Nem havia chegado ao meio da manhã e ele estava lá, na televisão. Vestia uma camisa social de impávido branco, ostentando um relógio dourado de proporções titânicas no pulso direito – sim, trata-se de um vendedor canhoto – e um anel igualmente colossal no anelar esquerdo. E gesticulava... Como gesticulava!... Parecia um desses afogados tentando desesperadamente voltar à tona tal o modo como ele balançava os braços, tomando toda a tela. Chegava mesmo a gritar, compre! Compre tudo que puder, o que estamos oferecendo! Pois sou um vendedor e é esse o nosso ofício!... Duro ofício deve ser o de fazer os outros gastarem o que não querem... Por isso o homem de impecável branco, cabelos castanhos meticulosamente penteados e acessórios mais brilhantes que o sol gesticula, grita, ri. Só não chora pois não convém ao vendedor chorar, a não ser para usar da compaixão do comprador. O que não é o caso deste vendedor. Ele não quer usar de artifício tão baixo e vil. Prefere a alegria, pois sempre disseram por aí que a alegria é a melhor vendedora que há. E quem é ele para discordar da voz da maioria, ele que vive dela o tempo todo, fazendo-a sonhar com mundos dentro de caixas de papelão?
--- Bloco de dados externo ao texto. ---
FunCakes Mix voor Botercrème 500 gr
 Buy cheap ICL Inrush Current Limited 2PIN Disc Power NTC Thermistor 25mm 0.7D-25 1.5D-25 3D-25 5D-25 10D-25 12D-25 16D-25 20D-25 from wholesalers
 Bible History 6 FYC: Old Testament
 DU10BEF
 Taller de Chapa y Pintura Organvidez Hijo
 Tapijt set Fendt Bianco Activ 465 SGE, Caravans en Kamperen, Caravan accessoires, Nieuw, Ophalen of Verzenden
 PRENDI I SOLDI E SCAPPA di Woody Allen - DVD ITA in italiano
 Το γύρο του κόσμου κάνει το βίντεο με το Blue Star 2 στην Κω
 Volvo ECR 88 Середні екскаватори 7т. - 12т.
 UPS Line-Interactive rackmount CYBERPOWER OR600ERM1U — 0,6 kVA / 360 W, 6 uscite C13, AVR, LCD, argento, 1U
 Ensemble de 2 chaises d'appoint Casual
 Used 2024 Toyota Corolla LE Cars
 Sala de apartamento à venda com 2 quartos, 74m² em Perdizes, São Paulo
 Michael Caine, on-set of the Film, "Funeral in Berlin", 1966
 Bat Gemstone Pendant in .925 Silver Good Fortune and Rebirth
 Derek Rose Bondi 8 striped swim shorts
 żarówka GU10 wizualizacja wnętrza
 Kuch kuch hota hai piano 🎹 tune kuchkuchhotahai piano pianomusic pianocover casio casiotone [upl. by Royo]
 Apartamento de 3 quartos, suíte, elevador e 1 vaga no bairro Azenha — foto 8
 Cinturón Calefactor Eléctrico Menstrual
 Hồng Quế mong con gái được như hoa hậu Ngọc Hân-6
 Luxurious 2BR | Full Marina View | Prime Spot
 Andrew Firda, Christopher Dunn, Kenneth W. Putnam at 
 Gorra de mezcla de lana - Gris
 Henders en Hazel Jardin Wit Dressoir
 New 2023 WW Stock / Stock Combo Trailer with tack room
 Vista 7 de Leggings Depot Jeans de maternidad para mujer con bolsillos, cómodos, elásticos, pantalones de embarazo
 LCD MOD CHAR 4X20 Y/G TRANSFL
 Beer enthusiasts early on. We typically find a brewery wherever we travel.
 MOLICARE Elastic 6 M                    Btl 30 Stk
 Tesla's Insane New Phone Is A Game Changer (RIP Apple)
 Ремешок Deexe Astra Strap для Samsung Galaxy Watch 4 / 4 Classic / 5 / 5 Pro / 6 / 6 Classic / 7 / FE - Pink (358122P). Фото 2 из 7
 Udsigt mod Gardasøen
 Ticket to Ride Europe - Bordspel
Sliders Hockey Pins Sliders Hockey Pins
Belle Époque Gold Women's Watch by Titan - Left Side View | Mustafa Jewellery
A manhã vai passando e, incansável, continua ele a apregoar seus produtos. Talvez nem saiba mesmo do que está falando. Muitas vezes não o sabe. Leia o que está no papel que está mais do que bom, dizem pra ele. Lê. Chega até a entusiasmar-se com o que lê. Imagina o tipo de utilidade que tal invento ou aparelho novo pode ter para o consumidor. Pode ser até um belo serviço público o que faz! Ora, um homem faz o que sabe! E se ele sabe vender, por quê não pensar no bem que uma nova batedeira pode trazer? No fundo sou um benfeitor!, diz a si próprio no espelho do banheiro durante os intervalos, batendo no peito com orgulho. Sim, o vendedor tem pendor para o drama, o patético. Muito provavelmente foi um ator mal aproveitado no teatro e na televisão por não ser tão jovem ou tão bonito como deveria ser ou por ambos. Pensando assim, nem mesmo poderia vender nada... Porém, um jogo incrível do destino o colocou na frente de uma câmera. Um jogo o qual nem vale a pena discorrer aqui posto ser complicado, longo e fastidioso demais.
O programa já está quase no fim e o vendedor ainda exibe energia e frescor como se pudesse continuar ali por todo o dia. Em verdade terá que voltar mais à tarde, à hora na qual quase todos já estão em suas casas, cansados e prontos para ouvir suas prédicas. Compre, compre, compre! Seu grito alegre ecoando por todos os cantos do país. Hipnotizando todos os televisores do país. O vendedor é a própria alma dos outros, traduzida em luzes e números de cartão de crédito.
Por fim, quando não há mais nada para vender os televisores e telefones são desligados. O vendedor, que durante quase todo o dia berrou alegremente seu bordão, volta ao espelho do banheiro dizer novamente Sou um benfeitor! para sua sorridente e cansada imagem do outro lado. Lava o rosto, ajeita os cabelos levemente despenteados e vai embora da emissora, que parece até perder um pouco o brilho depois de sua partida...
Um comentário:
Maicou, seu observador irônico do cotidiano! Olha, velho, o texto tá muito bom. Esse vendedor aí me lembrou um cara que vende uma filmadora fajuta, acho que na RedeTV, que fala que "somente R$3,99 por dia!", algo assim.